It is widely recognized that ancient Egyptians were among the first to study and categorize essential oils. They created oils, incense and perfumes and often had others apply the oils for therapeutic purposes. Welcome to massage.
While the earliest definitive references to massage come from China about 5000 BCE, references to medical “healing” through massage began to show up around 3000 BCE in wall paintings and carvings.
One of the earliest references to any kind of massage was found in the adornments of the tomb of Ptahhotep. Ptahhotep (25th century BCE, 5th dynasty) was a vizier, a top official serving the pharaoh. Both vizier and the pharaoh were depicted receiving a manicure, pedicure and having his legs massaged with oils by a servant. Many believe this to be an early positive record of reflexology.
Throughout the dynasties that followed, many depictions found on temple walls show foot massage, and scenes of the preparation of essential oils. Occasionally, a detail reference to massage as in those found in medical papyrus (dated to reign of Amenhotep III, 12th dynasty).
In later times, therapeutic massage appeared to become more common among soldiers.

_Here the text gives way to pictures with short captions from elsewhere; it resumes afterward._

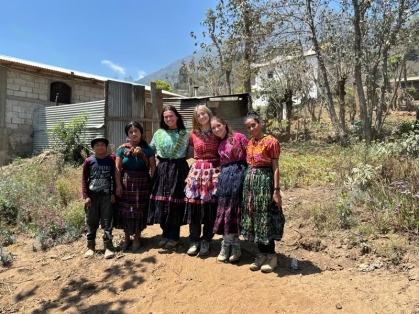 Nursing students outside pose with family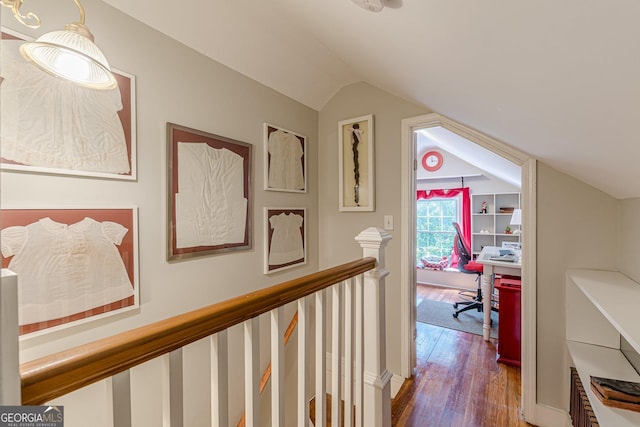 hallway featuring dark wood-type flooring, lofted ceiling, and an upstairs landing
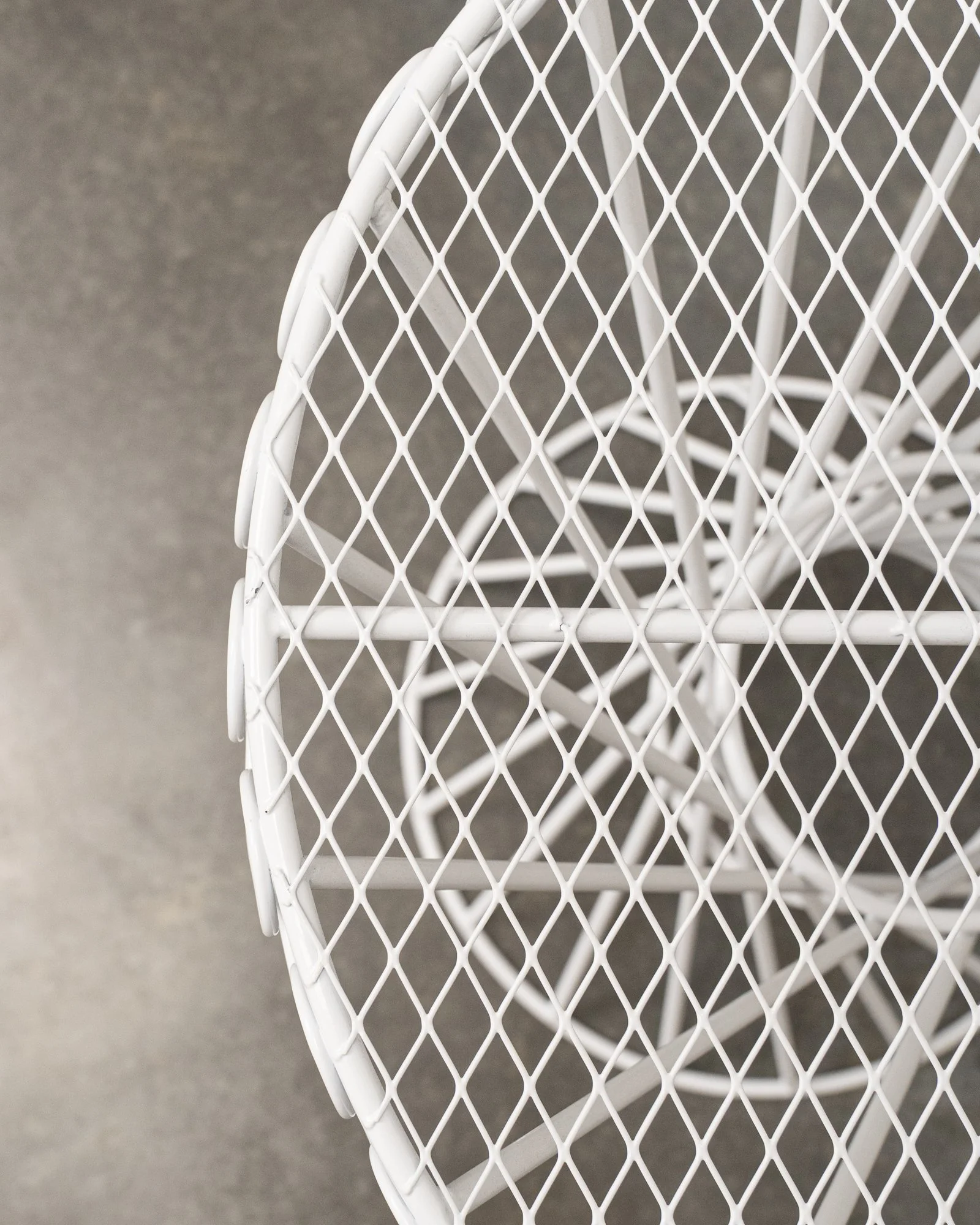 Close-up of a white metal wire mesh table top and a part of the chair with a grey background.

Depictions of the battle of Kadesh show soldiers of Ramesses II receiving massage after a long march, for example.
Ancient Egyptian massage likely wasn’t the same as today’s therapeutic massage, although many of the elements have been incorporated. Egyptian massage, at least in the earliest form, focused on energy pathways (KA) and was all about correcting imbalances in blockages and restoring energy flow. This is similar to reflexology and many other eastern modalities of massage.
Practitioners of ancient Egyptian massage still exist today and elements of this type of massage are taught in many massage therapy programs.